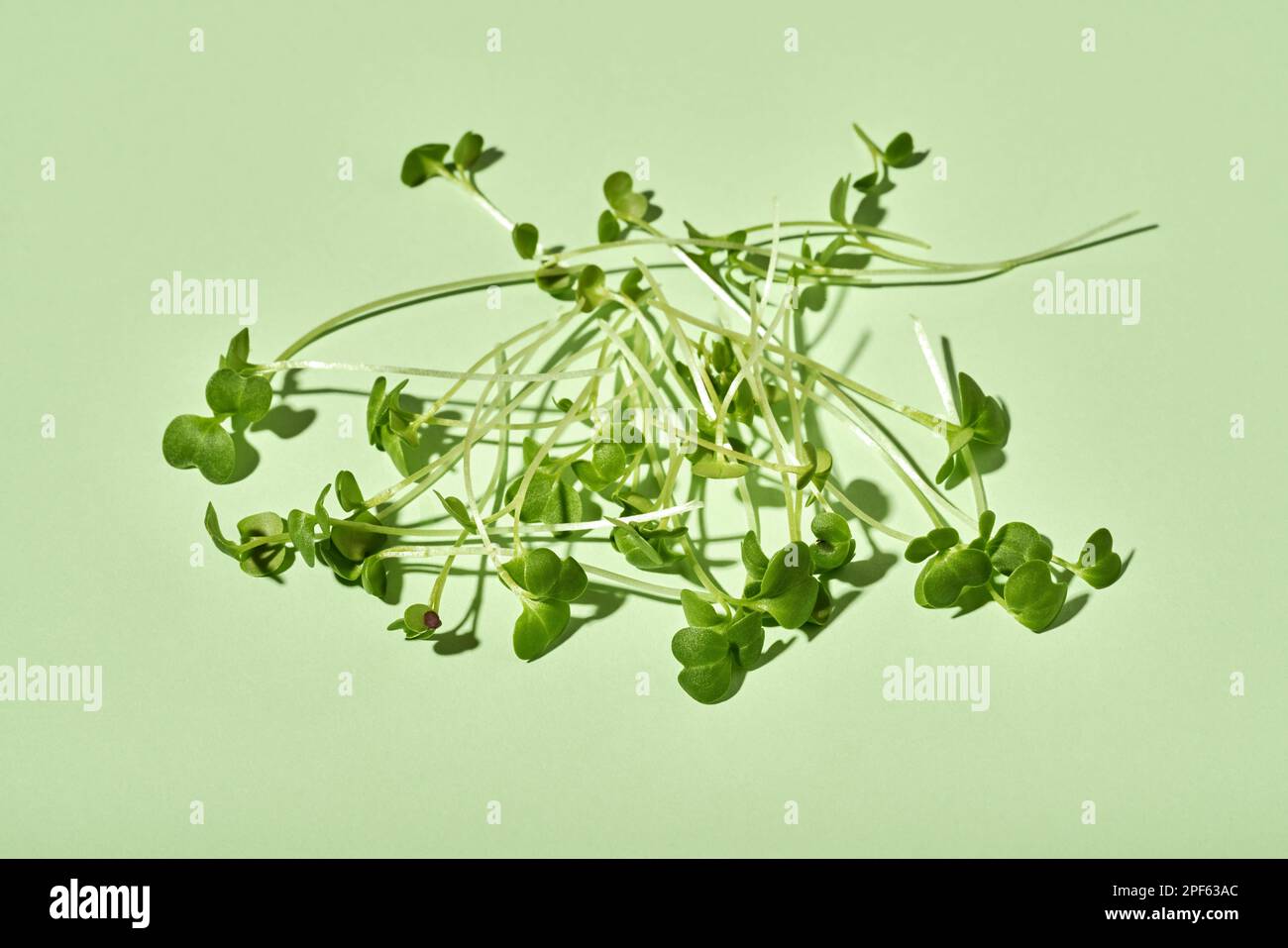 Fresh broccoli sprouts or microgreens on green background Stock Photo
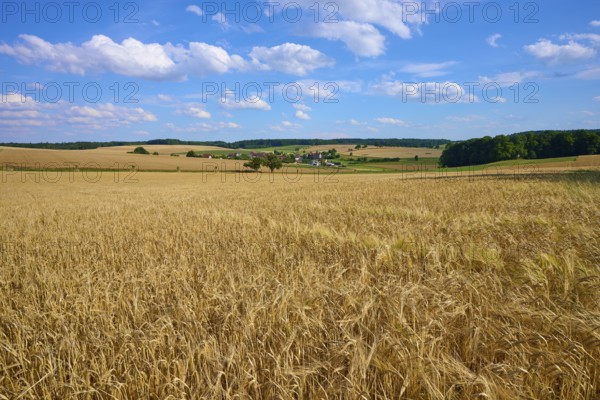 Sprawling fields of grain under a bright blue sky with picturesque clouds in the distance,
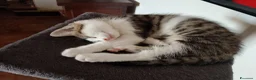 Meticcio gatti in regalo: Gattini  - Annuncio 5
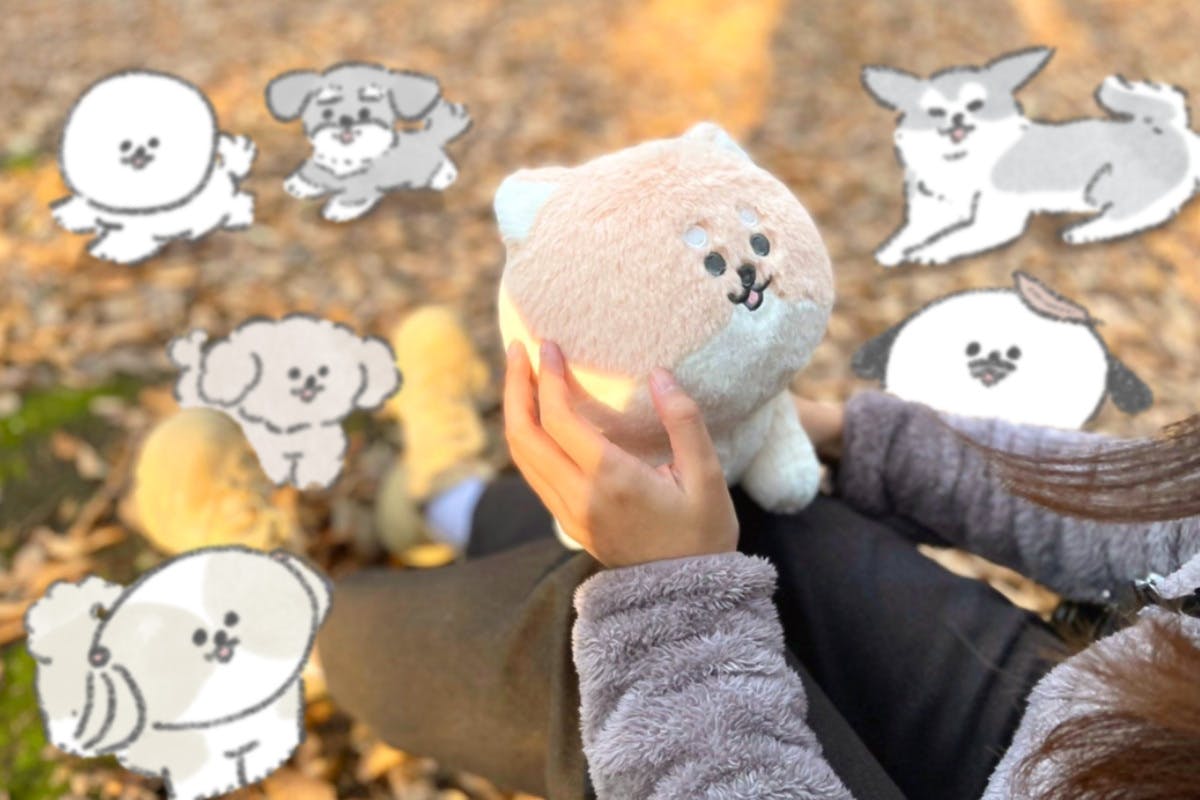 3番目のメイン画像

Description of the task: Everything in the listing above except the pictures should be duplicated exactly.

Solution:
 Fresh broccoli sprouts or microgreens on green background Stock Photo
 Sprawling fields of grain under a bright blue sky with picturesque clouds in the distance,
 Meticcio gatti in regalo: Gattini  - Annuncio 5
 3番目のメイン画像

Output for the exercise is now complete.